According to Gary Krieg, who runs Factory Tours USA, an estimated 565 sites across the country offer visitors an up-close look at American manufacturing. Most common are distilleries and breweries (perhaps tourists are tempted by all the free boozy samples), but candy and cheese manufacturers, glass makers, and auto builders also frequently open their doors to the public. A survey of Slate colleagues turned up an impressive list of factory tours, including a Jelly-Belly plant in Northern California, a Dole plant in Hawaii, Scharffenberger Chocolate in Berkeley, Calif., Crayola in eastern Pennsylvania, the unavoidable Hershey’s Chocolate World in Hershey, Pa., and a Hostess factory in Indianapolis. Reactions were almost unfailingly enthusiastic. “We got to eat crumbled crumb cakes. It wasn’t the least bit educational,” reminisced Laura Helmuth, the Hostess-goer, fondly. Emily Yoffe, who has visited an oil rig, a rum plant, a blue cheese factory, and a pretzel factory, wrote, “You always learn amazing details about how complicated it is to make anything and come away with great admiration for inventors and engineers— and the people who work the line.” 

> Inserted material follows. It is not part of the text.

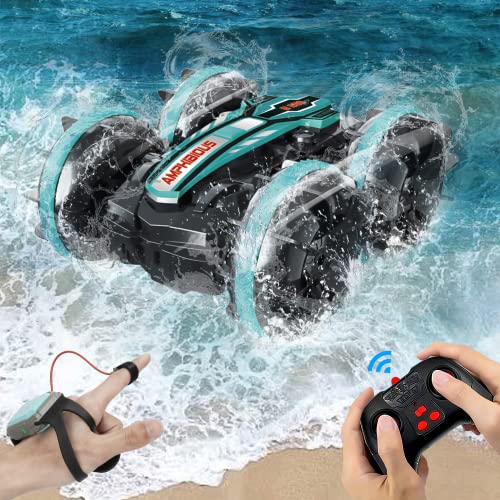 AmazeFun Amphibious Remote Control Car, 2.4GHz Gesture Sensor 4WD Remote Control Boat,360 Rotating Waterproof RC Stunt Car for Age 4 5 6 7 8 9-12 Kids Girls Boys Gift,All Terrain Beach Pool Water Toy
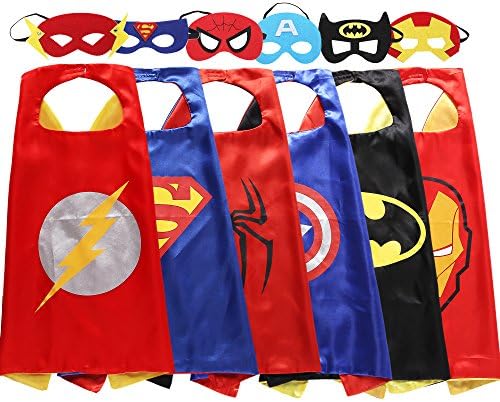 Zaleny Superhero Costumes Dress Up Satin Capes with Felt Masks set of 6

Professor Marsh agrees. “The thrill of the factory tour is that you get to see something you don’t normally see,” she explained. “It’s a wow experience.” A year ago, she took her students to a BMW factory in Spartanburg, S.C., where spot-welding robots loosed streams of sparks that shot over the visitors’ heads. She was floored, too, by the fully automated Brown Cow dairy in York County, Pa., which “looks and smells like a farm,” but employs machines—including “teat detection systems”—to milk the big bovines. 

Axelrod was bewitched by the peppermint room in the Celestial Seasonings plant. (“It will clear out your sinuses,” she reported.) And she recalled loving the low-tech vibe at Martin Guitar. (“After they glue the rim of the guitar to the body, they use clothespins to hold it in place while drying.”)

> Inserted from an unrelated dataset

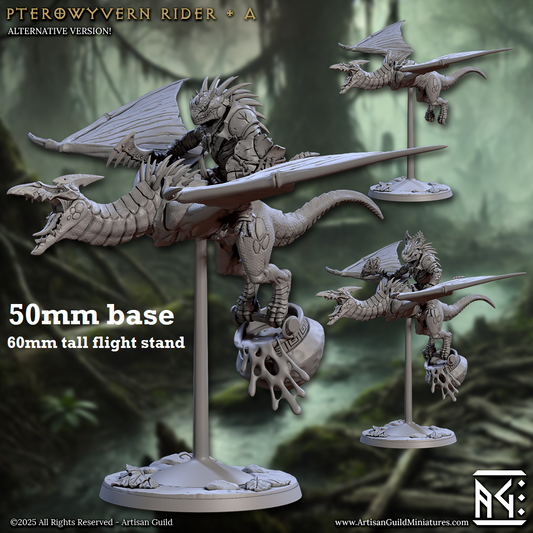 Image shows 3D renders of two sculpt options for a pterodactyl cavalry unit gaming miniature.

But Torie Bosch had mixed feelings about the more than half-dozen factory tours her labor-crazed parents took her on. While she loved the Crayola and Hershey’s trips, seeing tastykakes come into being “turned me off peanut butter for several years,” she wrote. And the coal mine scared her, especially after a tour guide told her there were rats lurking nearby and regaled the audience with tales of what miners were trained to do in the event of a mine collapse (force your hand out of the rubble and wiggle your fingers).

One question that has lingered throughout the history of factory tours is how factory workers feel about being turned into tourist spectacles. In the early days of the tours, company archives were kept by administrators and reflected a management point of view. But union records from the auto industry in the 20th century register some employees’ dissatisfaction with a practice that seemed to sugarcoat the actual working conditions of their plants. “It was a legitimate complaint,” explains Marsh, “because the tours were so obviously PR tools. They had defined scripts and prescribed routes. You didn’t necessarily see the whole picture of what was going on.”

Workers may have also considered the tours a manipulative form of quality control. Employees at a Pez factory were disgruntled at first by a large glass window through which visitors could watch them go about their day. But over time, they grew flattered by people’s attention and interest. “I’d imagine that most workers feel a sense of pride about the tours,” Axelrod told me. After all, thanks to them, thousands of Americans every year can catch a glimpse of our trucks, pianos, pretzels, ice cream, and toothpaste, being born.

And we don’t even need a golden ticket.